The issue is that to claim that the brain is like something—say, a computer—is to assert that we have any idea as to how the brain really works. This is utterly and completely false. We certainly know a lot about the brain, but most of this is in terms of small, isolated events (action potentials) or very coarsely-grained images (e.g., fMRI), so anyone who claims to have a complete view of how the brain processes, integrates, and distributes information is very misguided, to say the least.

There is certainly a lot more about the brain that we’ve learned since these equivocations were first put forth in the literature. We have learned more about how networks of neurons function coherently to produce meaningful representations. We have learned about oscillations in the brain that help unify otherwise disjoint brain functions (gamma-waves are especially exciting in this regard). We have learned about local field potentials, such as those recorded by EEG, and how they help modulate neighborhoods of neurons.

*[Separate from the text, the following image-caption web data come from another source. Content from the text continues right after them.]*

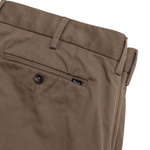 Calça Chino Polo Ralph Lauren 
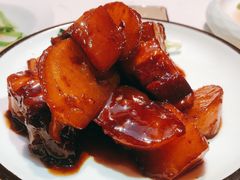 -淮扬韵(高新大都荟店)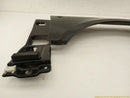 Land Rover Range Rover Passenger Right Front Fender Panel-2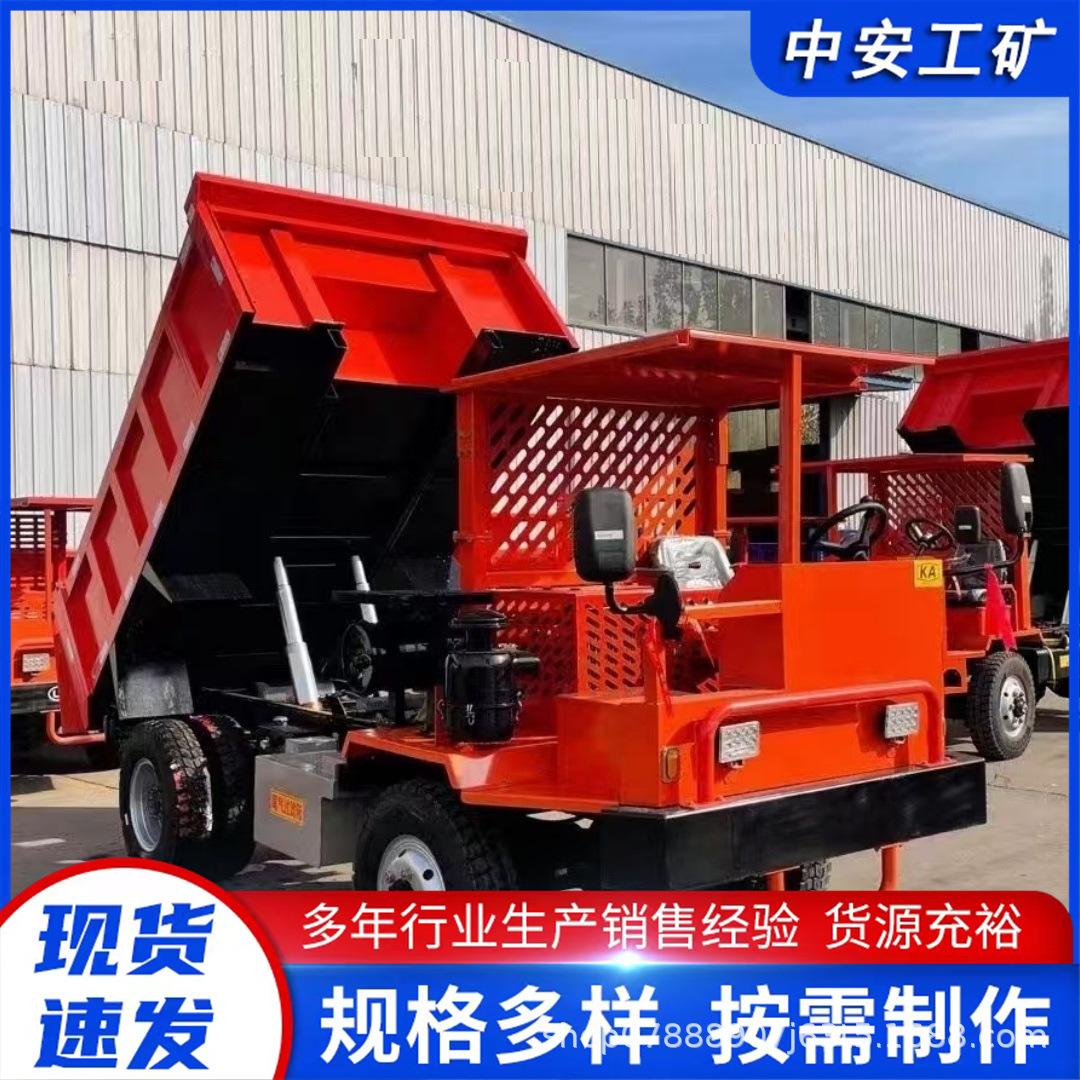 微信图片_20241205152041.jpg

In this sense, the brain is still a kind of information processor, albeit much more complex than we once thought it to be, and this is where the equivocation breaks down.

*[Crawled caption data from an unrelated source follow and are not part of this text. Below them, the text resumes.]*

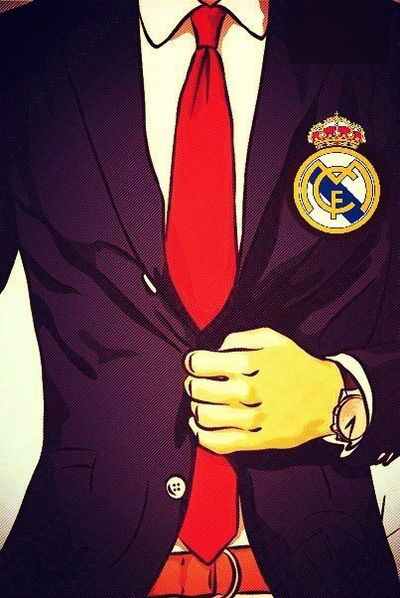 Давид Сардарян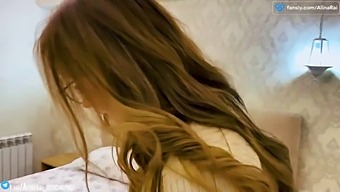 Stepmom'S Forbidden Desire: A Wild Ride Of Step Fantasy And Reality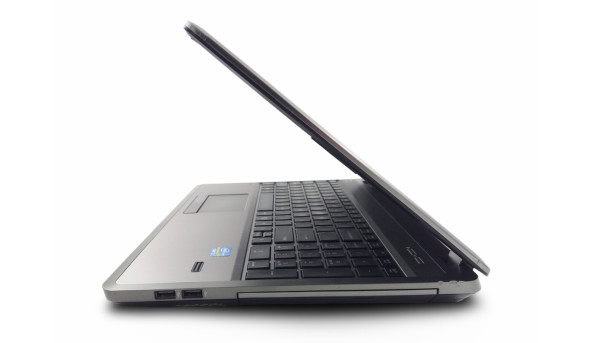 2 Ноутбук HP ProBook 4540s Intel Core I3-3110M 8 GB RAM 128 GB SSD [15.6"] - Б/У - 631715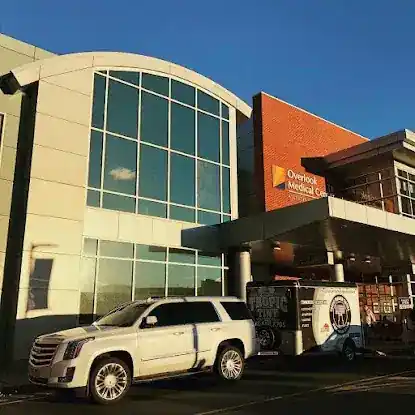Tropic Window Tinting
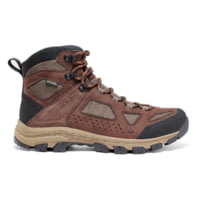 Vasque Talus XT GTX Hiking Shoes - Women's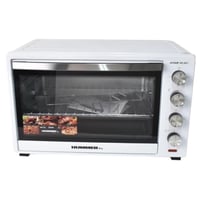 فرن كهربائي 34 لتر السيف 90616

Computers are designed with distinct functional units that attempt to minimize interference from surrounding units. Neurons, the functional units of the brain, certainly do this to an extent—if they did not, the careful modulation of membrane potentials necessary for coherent communication would be impossible to maintain. They are nevertheless heavily influenced by every single signal and associated field potential that passes through any region of the brain they occupy. Neurons could not function properly in isolation (by function, I mean in a way that is conducive to conscious experience), they require complex interactions among themselves—and with the body they represent—the likes of which we do not see in their silicon counterparts. The most complex relation required is that which is often referred to as “dynamic constancy” in chemical terms. The brain is not a static system. It is constantly changing: in order to understand a single word, much less a sentence, it must alter synaptic connections. Sometimes this involves strengthening a handful due to the accumulation of calcium ions in pre- or post-synaptic terminals*. Other times this involves the generation of entirely new synapses through complex genetic regulatory mechanisms. It is astounding to realize that many everyday actions require synchronous activation and deactivation of entire networks of genes with perfect precision, often several times over. Nonetheless, all of this constant modification leaves, at the end of the day, more or less the same brain that started the day, thus dynamic constancy.

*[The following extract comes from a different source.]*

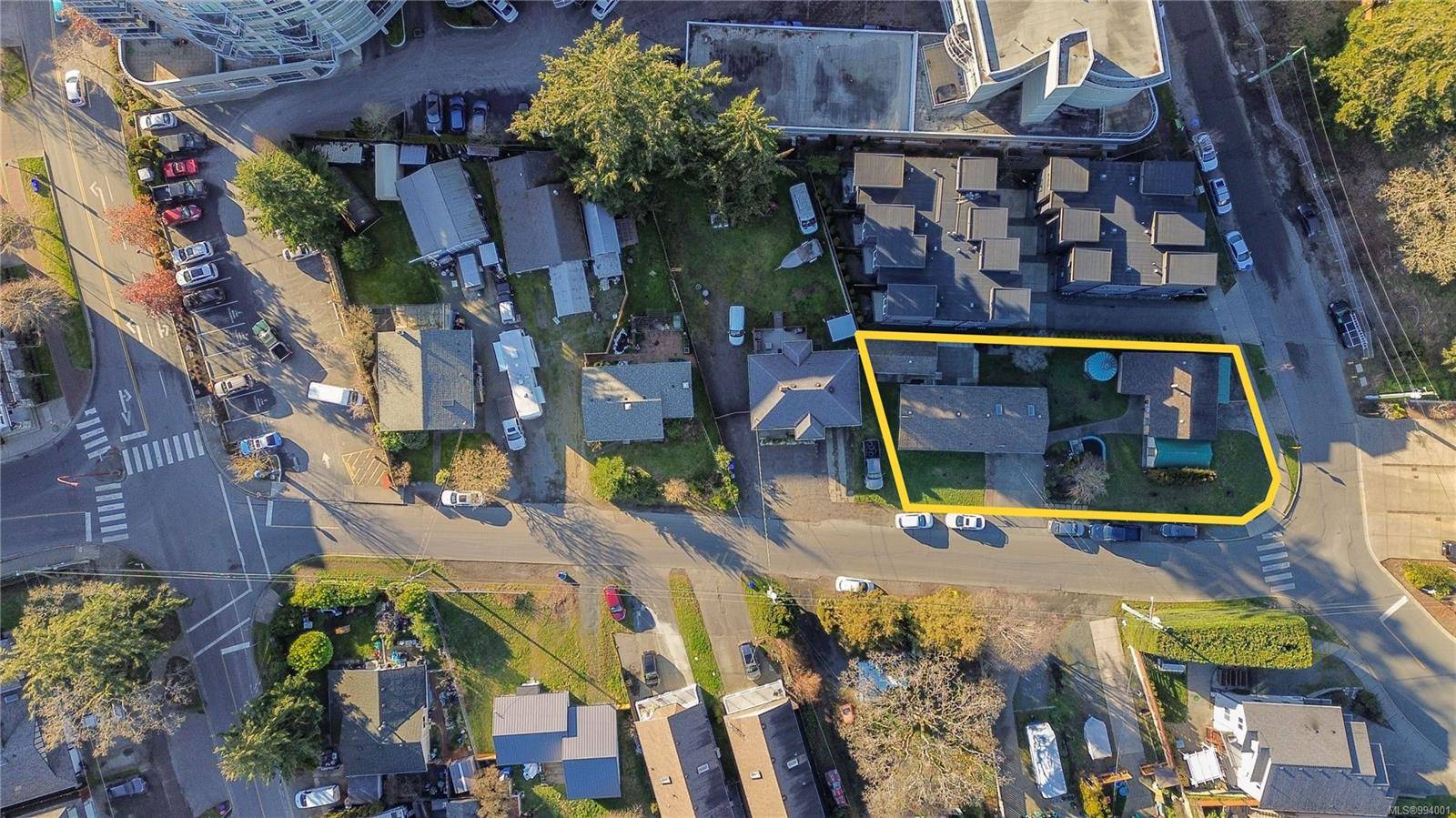 Langford, BC V9B 3P3,2720 Winster Rd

We may one day be able to “create” something that is capable of conscious reflection, and we may even call it a computer when the time comes, but it will not be anything that is recognizably a computer according to today’s standards. Likely, it will incorporate some aspects of biological matter, perhaps some actual living cells will be the only solution. The point of all of this is that minds are not merely computer programs, the distinction between program and hardware is nonexistent. The mind is the brain, and the brain is the mind, and nothing more.

*It is especially exciting to learn that the durations of various synaptic modulating processes correlate almost perfectly with discoveries made quite independently in cognitive psychology. For example, estimates of the durations of mono-synaptic facilitation, which can rely on the accumulation of calcium ions as mentioned above, tend to match up almost perfectly with estimates of the durations of various forms of working memory.